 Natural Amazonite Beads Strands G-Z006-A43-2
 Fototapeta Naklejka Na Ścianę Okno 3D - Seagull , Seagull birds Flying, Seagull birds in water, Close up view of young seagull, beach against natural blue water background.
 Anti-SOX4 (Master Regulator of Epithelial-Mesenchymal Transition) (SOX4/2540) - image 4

→ **What you are asked to do**: All of the data above is to be given again, word for word.

→ **Solution to this problem**:
 Natural Amazonite Beads Strands G-Z006-A43-2
 Fototapeta Naklejka Na Ścianę Okno 3D - Seagull , Seagull birds Flying, Seagull birds in water, Close up view of young seagull, beach against natural blue water background.
 Anti-SOX4 (Master Regulator of Epithelial-Mesenchymal Transition) (SOX4/2540) - image 4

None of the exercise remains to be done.